Unusual performance results for ResNet50

I have found some very unusual behavior when comparing time of inference run for ResNet50 in image classifier for various backends. I’d very much appreciate any comment why such thing might have happened.

My line looks like this:

./bin/image-classifier <testImages> -use-imagenet-normalization -image_mode=0to1 -m=resnet50 -model_input_name=gpu_0/data -<cpu|interpreter|opencl> -time

Where <testImages> is directory with 1/16/32/64 images depending on the tested batch size. To have a bit clearer picture I have used measured time to calculate images/second value.

And now the strange part…

For OCL I can see logarithmic increase, but for all other backends value is constant. It completely doesn’t matter how big batch size I throw at it, images/second value is the same (+/- small noise).

On generated dot file everything looks reasonable, that is batch size is propagated.

Have you also experienced similar behavior? Or maybe I’m just doing my measurements wrong?
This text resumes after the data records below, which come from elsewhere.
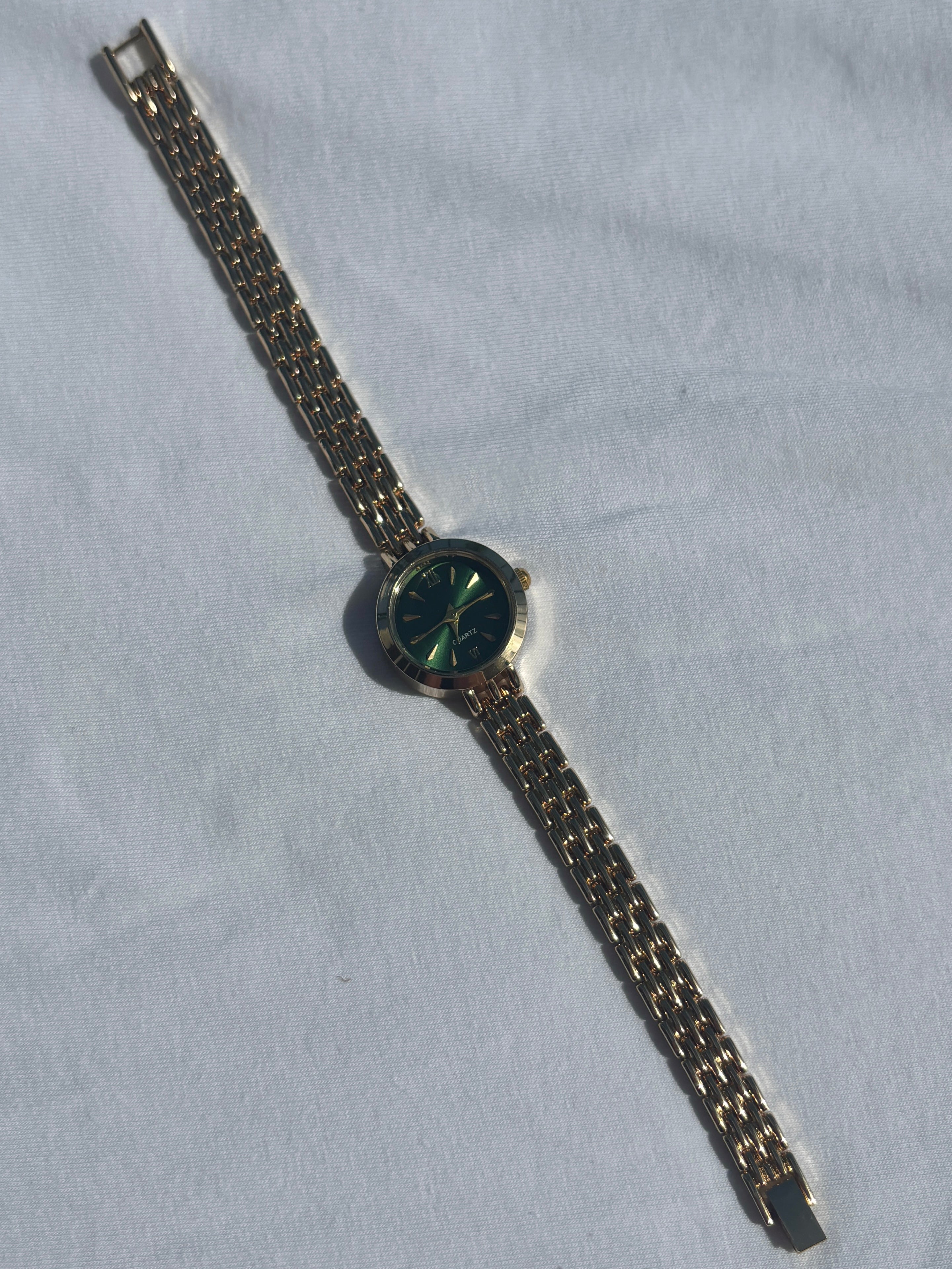 dainty 2000s forest green & gold watch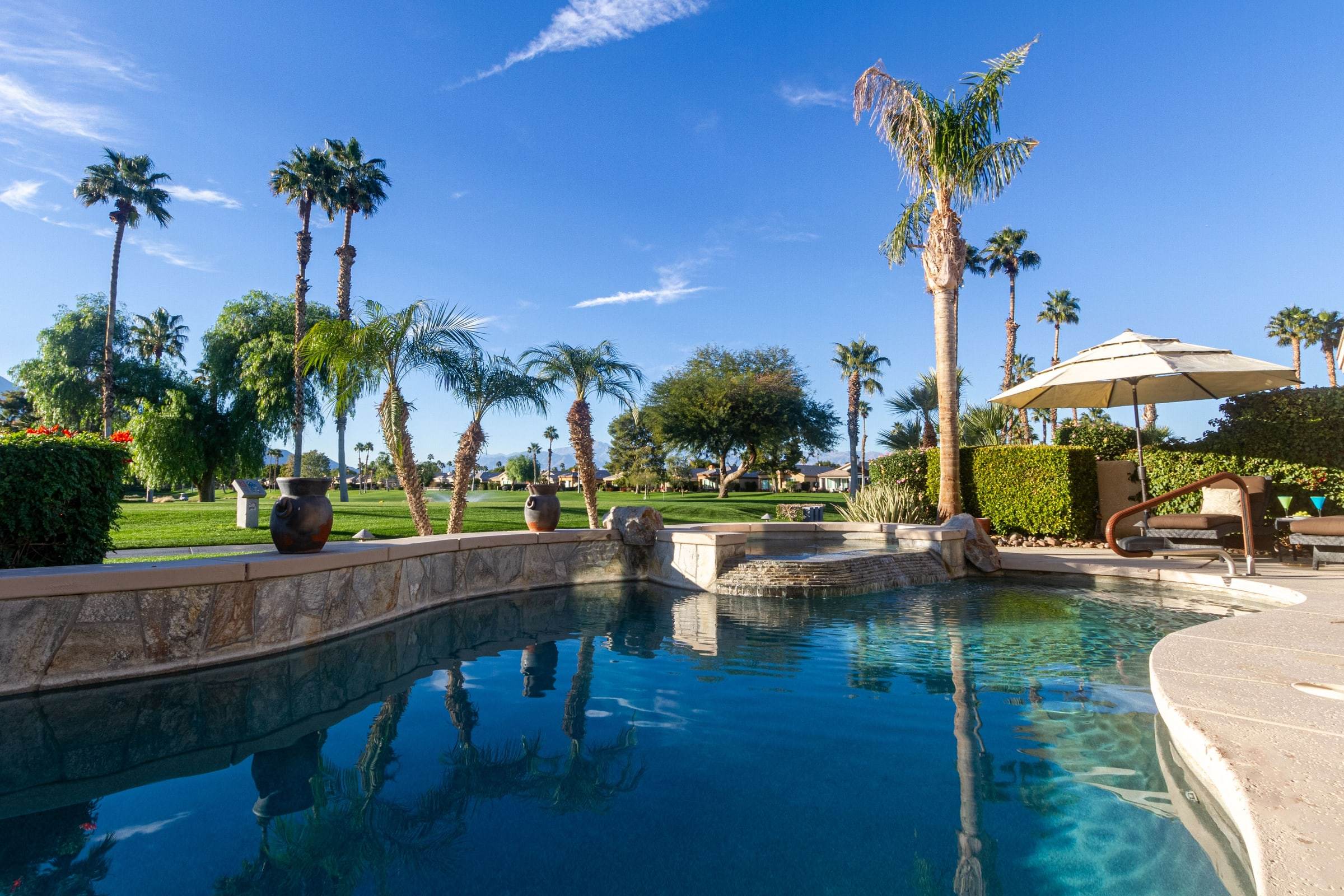 Pool, stone wall and spa, with a lounger under an umbrella on the far side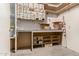Basement workshop area featuring custom shelves, workbench, and plenty of storage at 2437 E North Ln, Phoenix, AZ 85028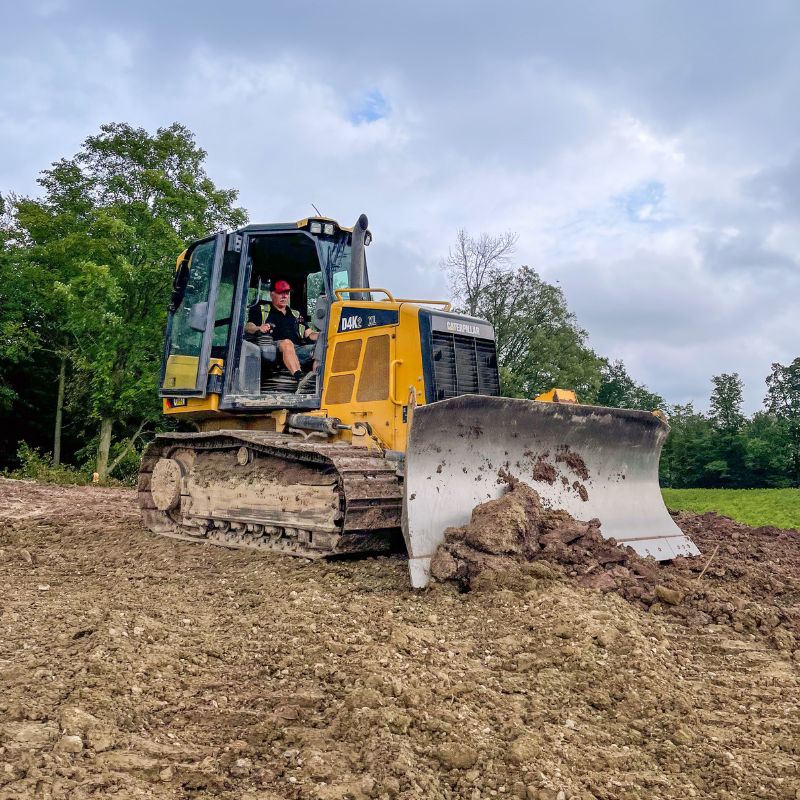 Cat D4K dozer pushing dirt on a construction site with an operator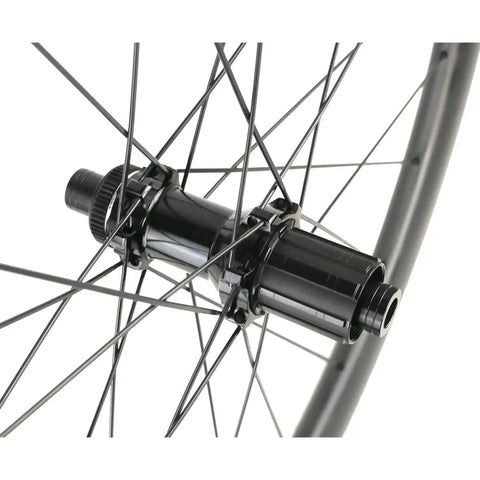 Beefy Carbon Wheelset 700C Disc Brakes 45mm Tubeless Ready Clincher showing hub with Pillar Spokes on Toray T700 Rim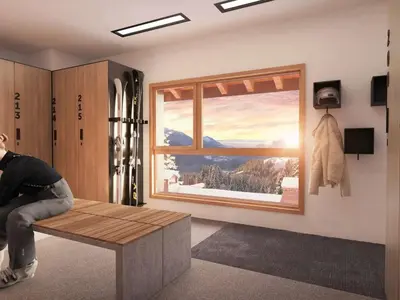 a person sitting on a bench in a room with a window at Appartement Familial 3 Pièces Pied de Piste avec Parking - FR-1-572-350 in Arâches-la-Frasse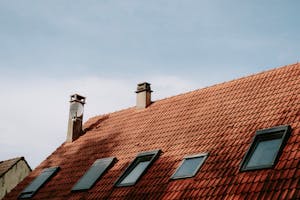 A picturesque red tiled roof featuring chimneys and skylight windows against a blue sky.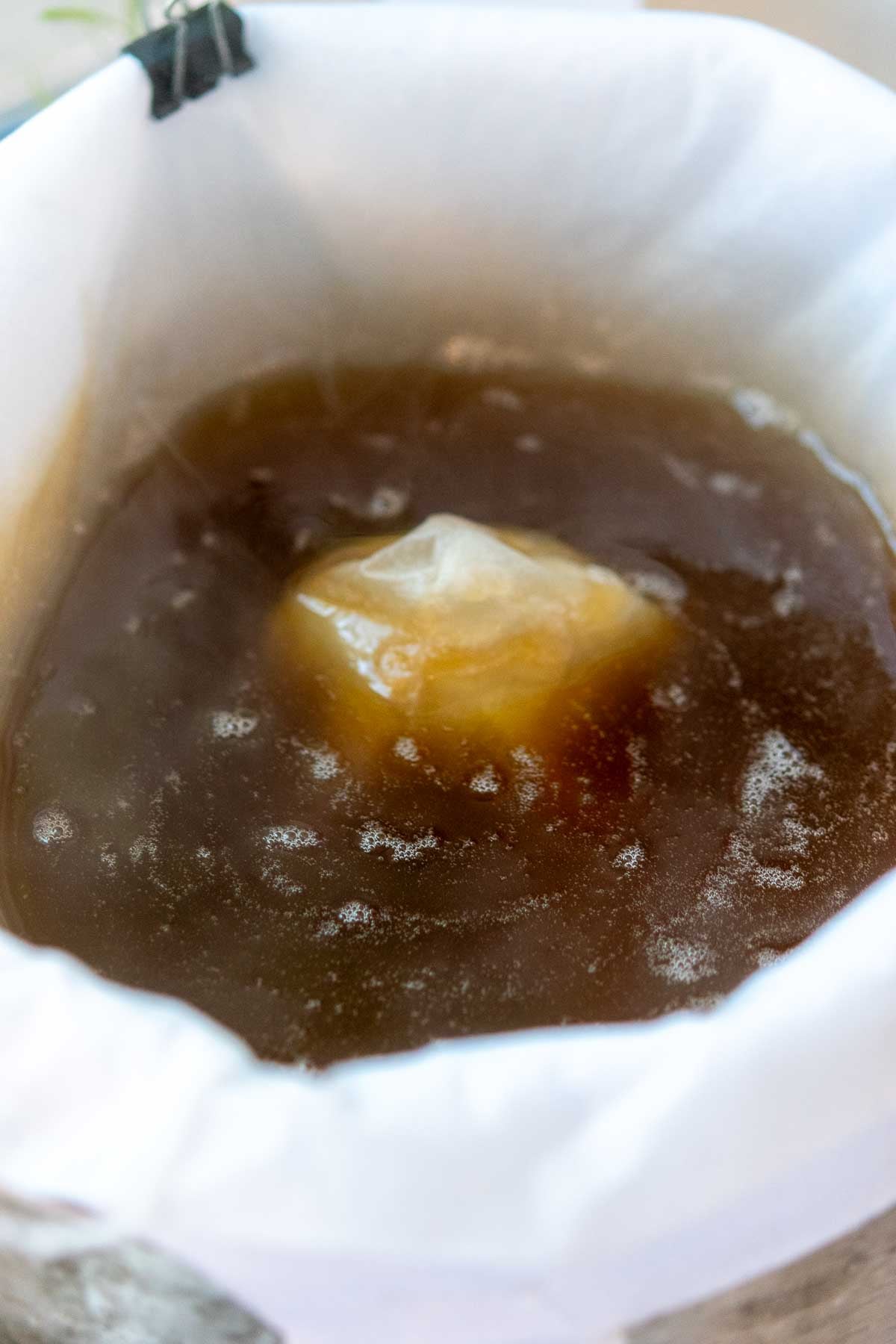 Filtering maple syrup.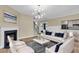 Inviting living room with fireplace, stylish furniture, and modern lighting, perfect for relaxation at 327 Megans Bay Ln, Charleston, SC 29492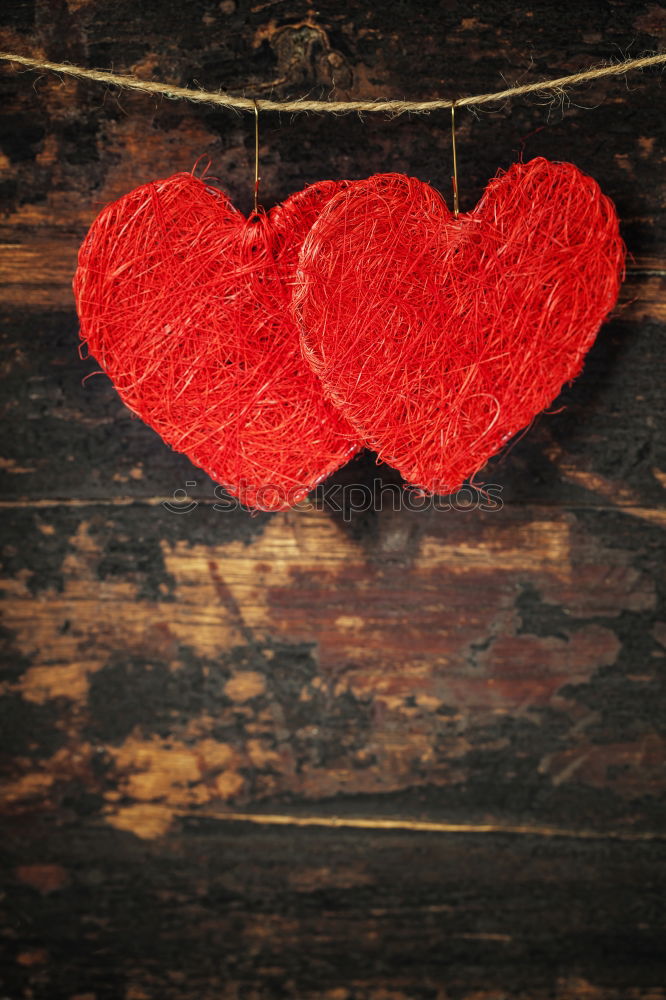 Similar – A red heart and LOVE are painted in gradient bright red color on a black wall / love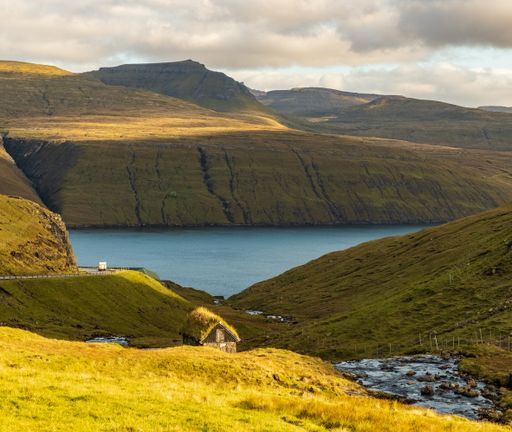 A high angle shot of a beautiful lake surrounded by green mountains under a cloudy sky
Below you can see chart presenting number of images/second with increase of batch size for each of backends.

chart

Hi Sebastian, I’m assuming this is because the OpenCL backend takes advantage of parallelism across the multiple images in the batch, whereas our CPU and Interpreter do not and are always running on a single CPU core. So I would expect to always see about the same images/second for the CPU and Interpreter, whereas the OpenCL backend will benefit from this parallelism up until whatever device you’re using has all of its parallel resources exhausted, at which point images/second would plateau. This appears to be what you are seeing here.

1 Like

Thanks Jordan! That makes a lot of sense now. I am almost sure that I read about that limitation. Apparently I must have forgot.

1 Like

By the way, there have been some discussions about multi-threaded CPU kernels – you can follow along in GH issue #1749.